Ian spoke with economics expert Amity Shlaes, New York Times bestselling author of The Forgotten Man: A New History of the Great Depression. Shlaes discussed some of the causes that led up to the Great Depression and how people were affected by the catastrophic economic conditions of the time.

Foreclosures were common during the Depression era, Shlaes explained, noting that many of the people who were foreclosed upon owned as much as 90% of their homes. In that period banks offered interest-only loans on the other 10%, which made it almost impossible to pay off a mortgage, she added. The stock market dropped a staggering 80% and did not come back to its 1929 level until 1954, Shlaes said. There were widespread bank failures. According to Shlaes, more banks failed in the Great Depression than even exist today.

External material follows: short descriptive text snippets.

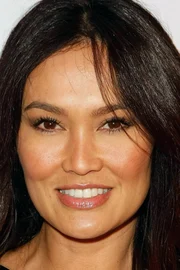 Tia Carrere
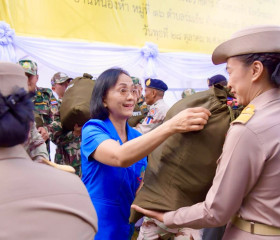 นายพลากร สุวรรณรัฐ องคมนตรี นายกมูลนิธิราชประชานุเคราะห์ ... พารามิเตอร์รูปภาพ 21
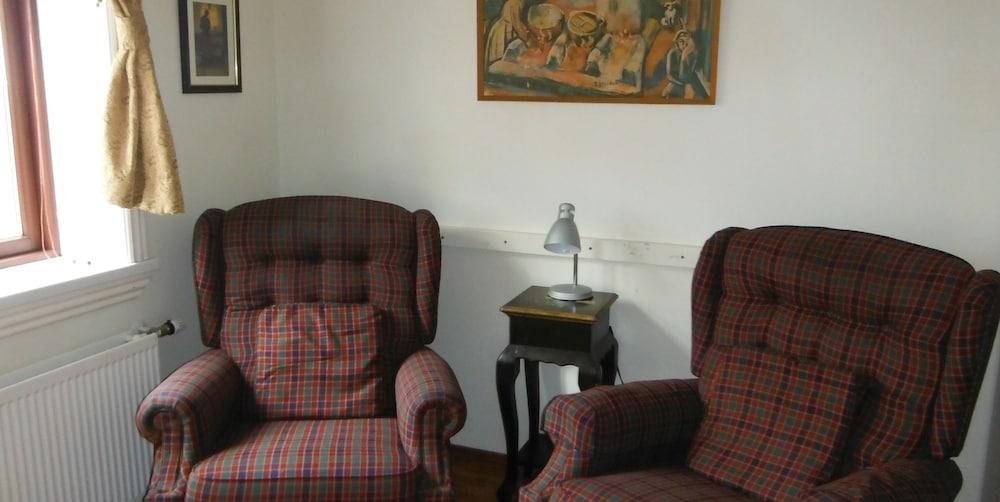 Three Sisters Studio Apartments 28/43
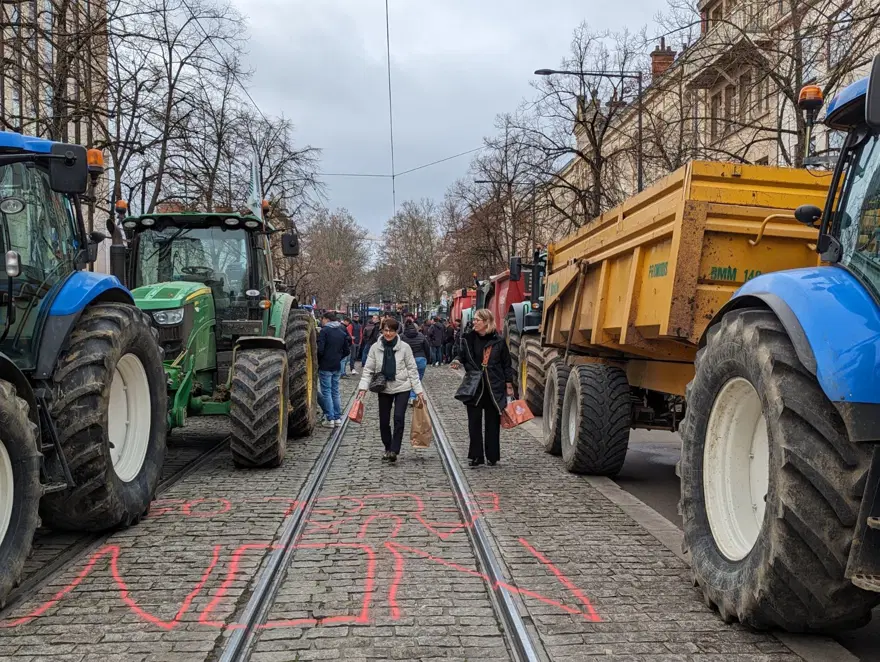 Fransa'da ödemeleri geciken çiftçilerden gübreli protesto 6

Shlaes also pointed out that there was not enough money during the Depression, so people bartered and made their own scrip (a substitute for currency which is not legal tender) to pay their bills.

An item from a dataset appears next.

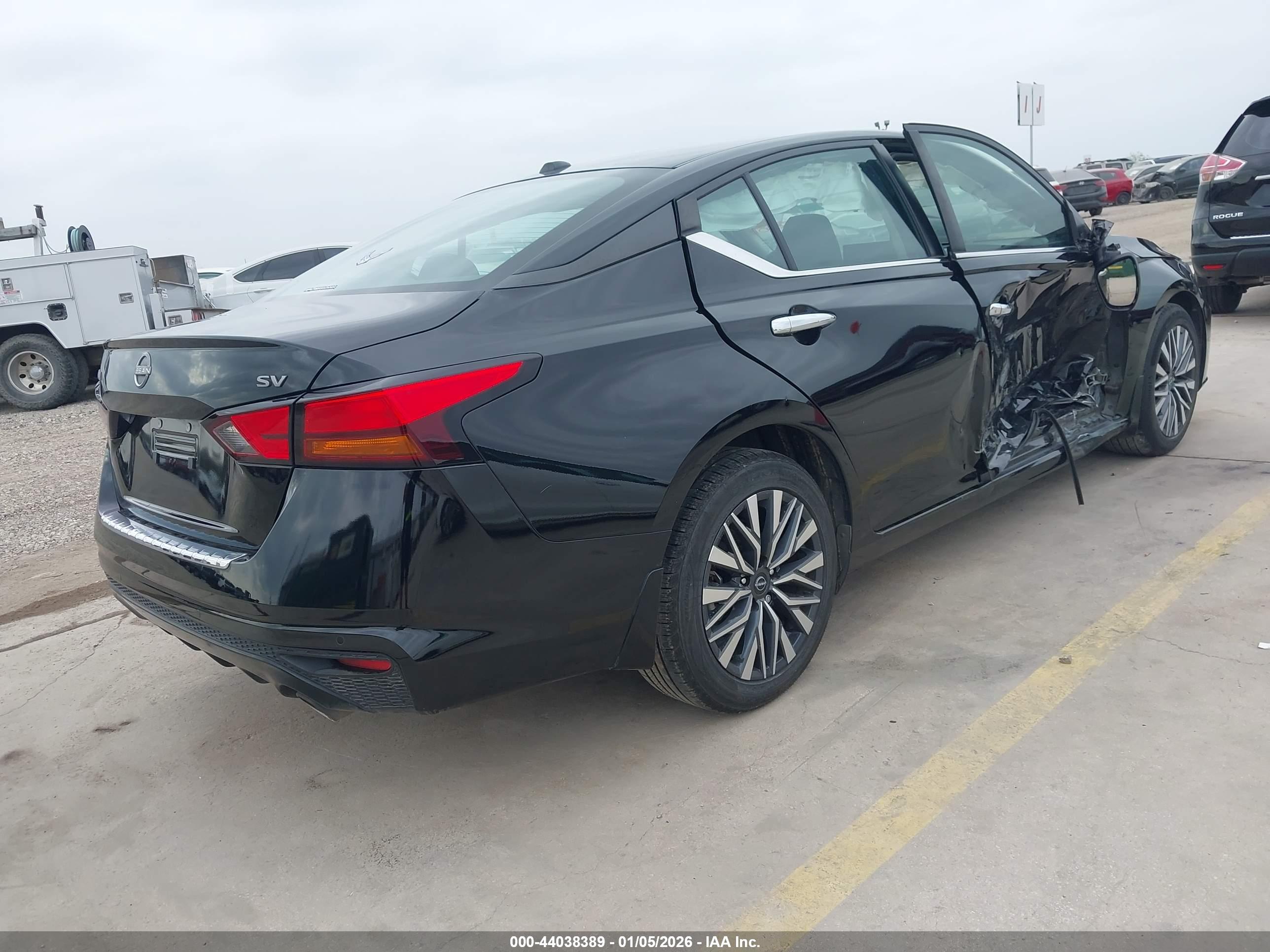 NISSAN ALTIMA image 4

Shlaes examined the role Herbert Hoover's administration played in the Depression. She said Hoover was a "control freak" who supported the Real Bills Doctrine and Smoot-Hawley Tariff, measures that worsened the underlying economics of the country. Things did not improve under the leadership of Franklin D. Roosevelt. She shared a story about how the 32nd president arbitrarily increased the price of gold by 21 cents because "three times seven is a lucky number." Roosevelt also allowed wage and price setting under the auspices of the National Recovery Administration which compounded the economic problems of the nation, Shlaes said. In the end, Shlaes believes the federal economic policies of the 1930s extended the Depression much longer than it should have been.